Pessimismo e vontade se enlaçam de formas curiosas em uma tradução, ou no fenômeno tradutório em geral. Tradução é fenômeno de difícil apreensão, de ainda mais difícil explicação. Mas símiles não faltam. Schopenhauer, em seu amargor e pessimismo característicos, comparava uma biblioteca de traduções a uma galeria de pinturas formada de cópias apenas. Ou então comparava a tradução a uma peça musical transposta a outro tom.

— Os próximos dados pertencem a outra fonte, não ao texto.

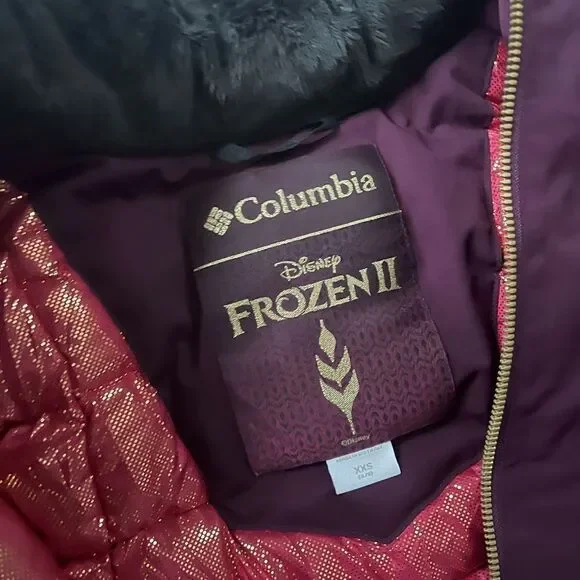 Fozen NWT Down Columbia Cape XXS Youth - Picture 5 of 10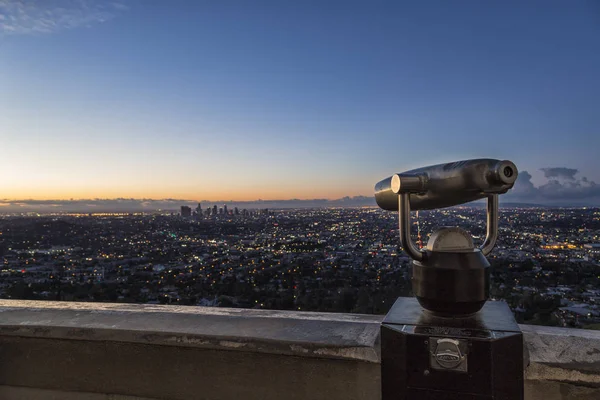 Wschód Słońca Los Angeles Kalifornia — Zdjęcie stockowe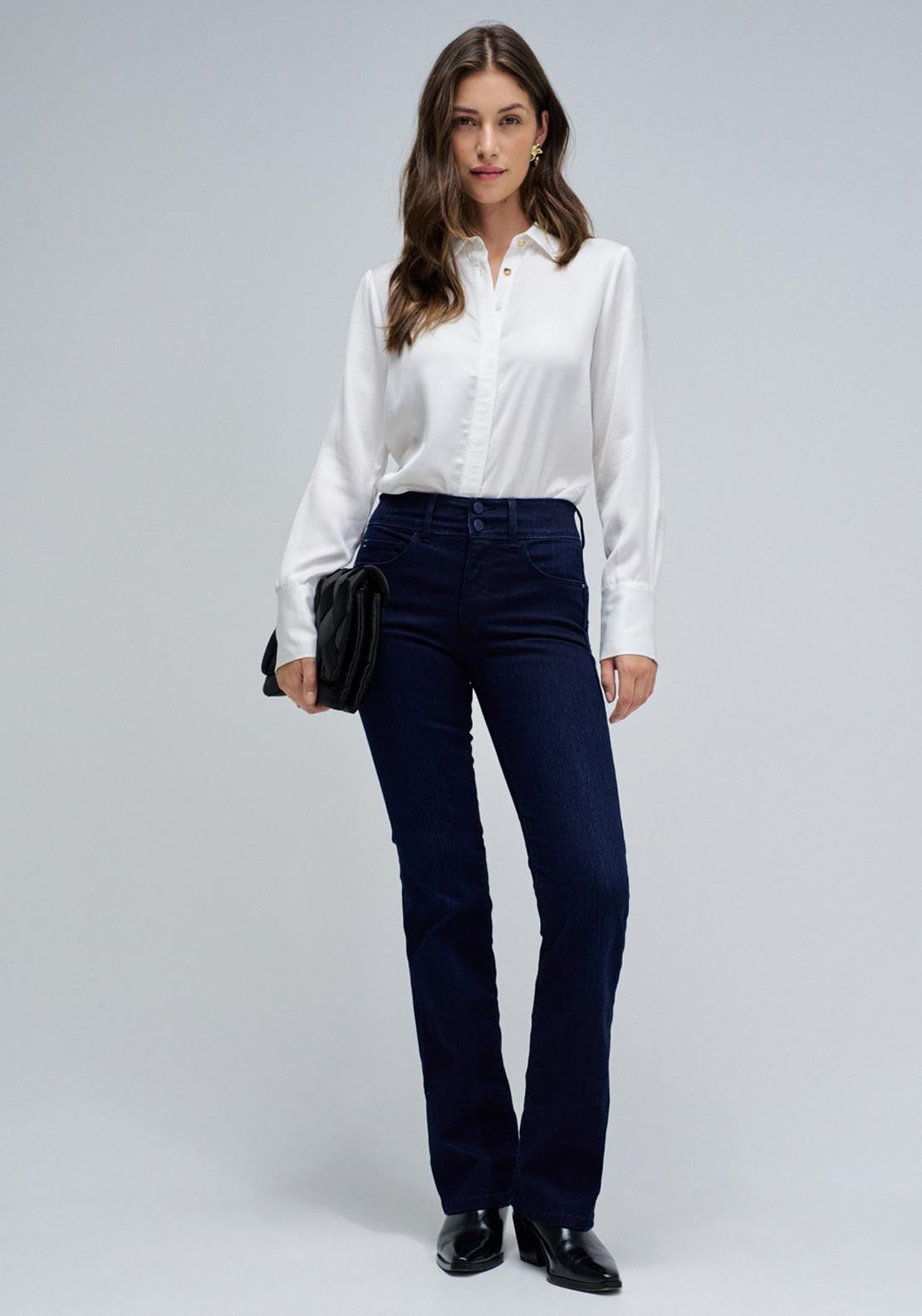 Salsa Secret Push In Bootcut Jeans - Blue 4 Shaws Department Stores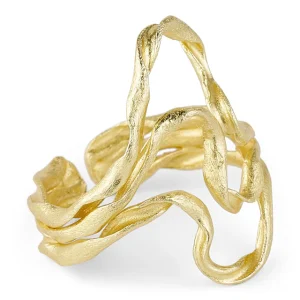 Pure By Nat Willow ring – 24K guldbelagt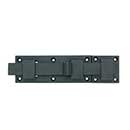 John Wright [088502PC] Cast Iron Shutter Slide Bolt - Flat Black - 8 3/4" L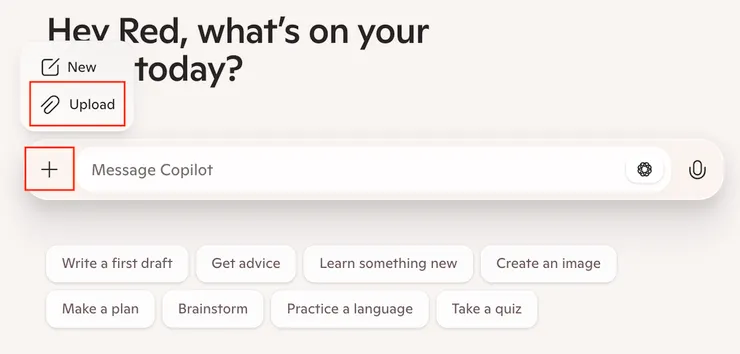 先按『+』,再按『 Upload 』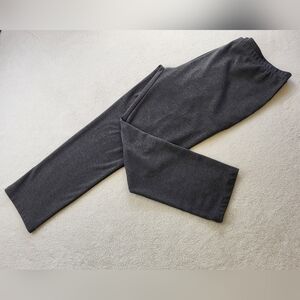 Ulla Popken Straight Leg Gray Joggers Knit Pants Women's Plus Size 24/26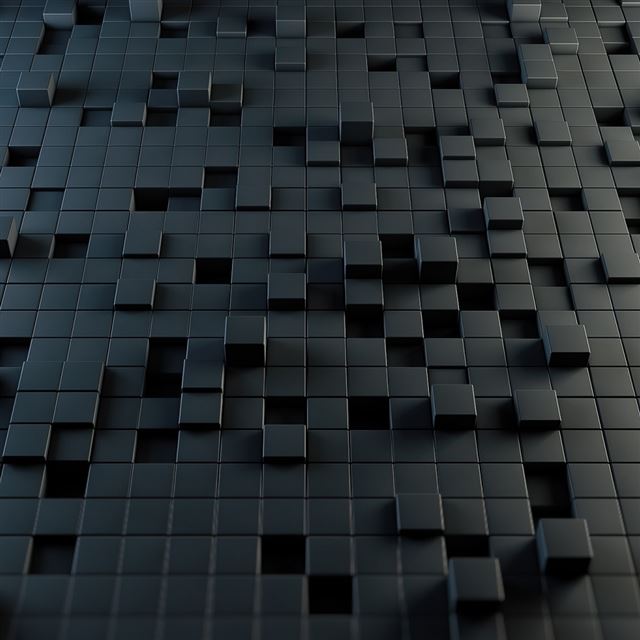 Cubes 3D iPad wallpaper 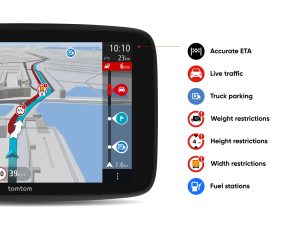 TomTom GO Expert Plus 7" GPS navigacija sunkvežimiams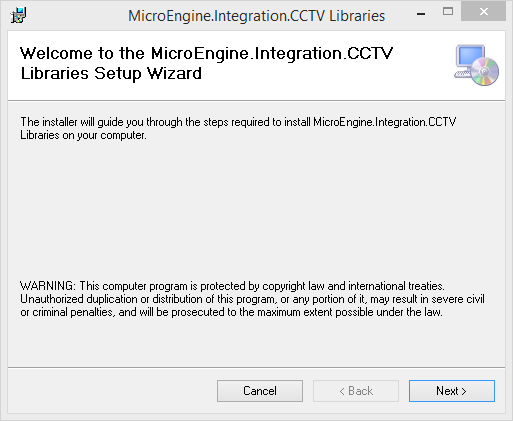 MicroEngine.Integration.CCTV Libraries Window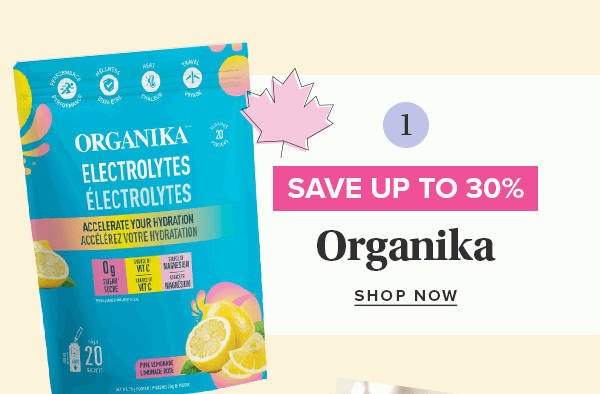 Save up to 30% on Organika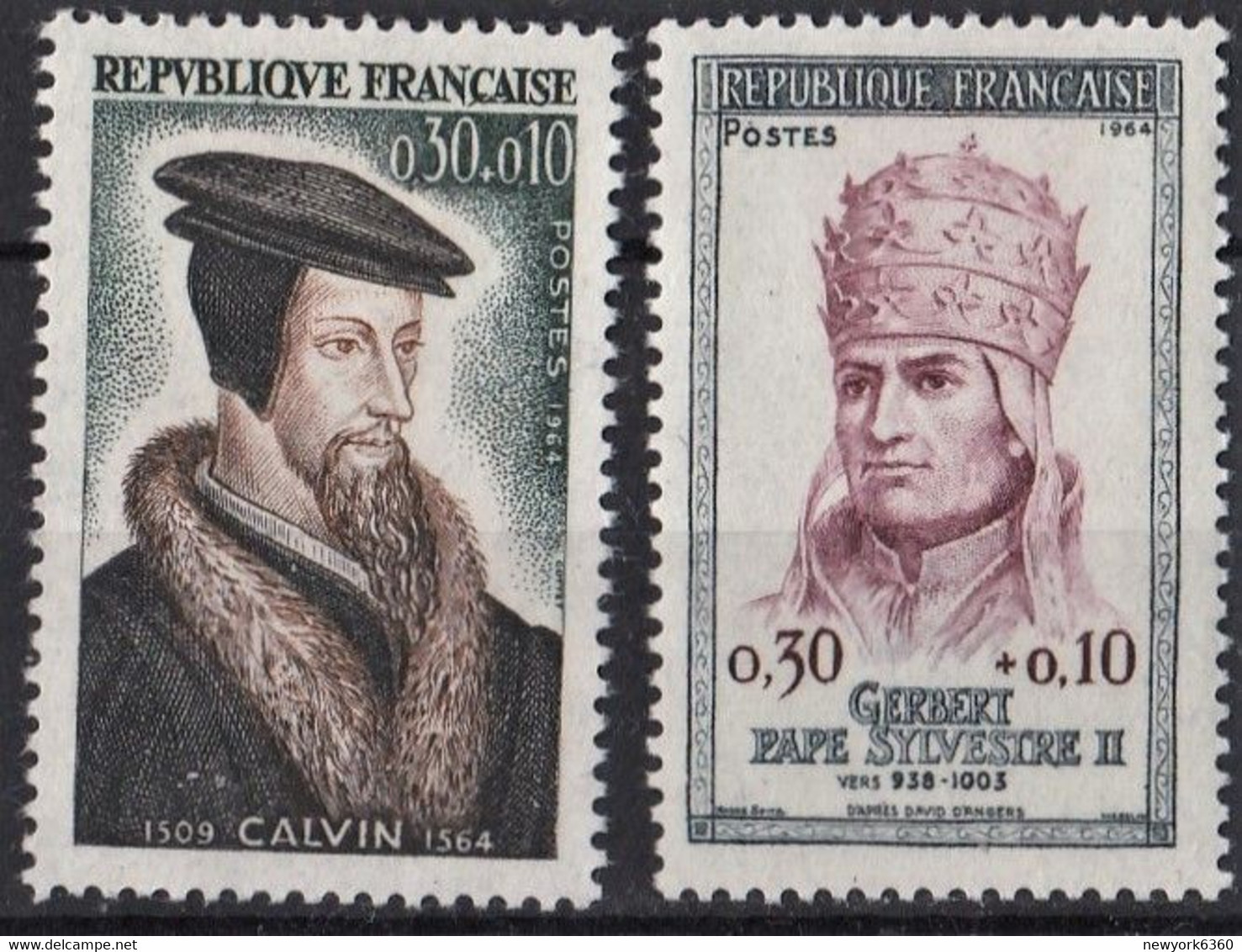 1964 FRANCE N** 1420 1421 MNH - Neufs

Não concebia meio-termo, o filósofo alemão: a tradução ou seria morta, de estilo forçado, como talvez a peça musical forçadamente transposta a tom diferente do original, ou então seria falsa de tão livre. Isso na prosa. Na poesia, em vista da aparente impossibilidade de sua tradução, Schopenhauer parecia acenar com simpatia para o lado criativo do fenômeno: “Poemas não podem ser traduzidos, mas apenas repoetizados, o que sempre é delicado”.
Mas poesia é risco, e tradução de poesia, risco dobrado diante de tão frágil delicadeza. Operação ousada a tal repoetização. Na prosa, talvez o risco não seja muito menor. Quem sabe, na prosa, o justo meio-termo entre a morte e a falsidade seja a recriação. Filósofo de inspiração budista, Schopenhauer poderia se deixar convencer pelo argumento do caminho do meio. O pessimismo era mais forte.
Nele prevalece a vontade individual como criadora de dores e desilusões. Não a Vontade última e absoluta, mãe e reunião de todas as vontades pequenas. Vontades que concorrem para buscas que de saída se entregam ao fracasso. Exemplo? Que a tradução seja exata, no sabor e nos contornos, ao paladar e ao tato reprodução mais que perfeita.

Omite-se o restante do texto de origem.